Here’s a simple example of how to do this using the Adventure Works DW database. Imagine you are developing a Tabular model and you have just connected to the relational database, clicked on the FactInternetSales table and clicked Edit to open the Query Editor window before importing. You’ll see something like this:

image

…that’s to say there’ll be a single query visible in the Query Editor with the same name as your source table.

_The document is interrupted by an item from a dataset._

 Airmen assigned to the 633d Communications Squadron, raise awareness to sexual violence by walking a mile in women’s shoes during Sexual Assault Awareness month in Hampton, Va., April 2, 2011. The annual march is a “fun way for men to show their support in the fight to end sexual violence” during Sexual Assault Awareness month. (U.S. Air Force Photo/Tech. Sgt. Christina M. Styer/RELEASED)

The M code visible in the Advanced Editor will be something like this:

let
    Source = 
	#"SQL/localhost;Adventure Works DW",
    dbo_FactInternetSales = 
	Source{[Schema="dbo",Item="FactInternetSales"]}[Data]
in
    dbo_FactInternetSales

At this point the query is importing all of the data from this table, but the aim here is to:

  1. Filter the data down to a much smaller number of rows for the Workspace Database
  2. Load all the data in the table after the database has been deployed to the development server

To do this, stay in the Query Editor and create a new Parameter by going to the menu at the top of the Query Editor and clicking Query/Parameters/New Parameter, and creating a new parameter called FilterRows of type Decimal Number with a Current Value of 10:

image

The parameter will now show up as a new query in the Queries pane on the left of the screen:

image

Note that at the time of writing there is a bug in the Query Editor in SSDT that means that when you create a parameter, close the Query Editor, then reopen it, the parameter is no longer recognised as a parameter – it is shown as a regular query that returns a single value with some metadata attached. Hopefully this will be fixed soon but it it’s not a massive problem for this approach.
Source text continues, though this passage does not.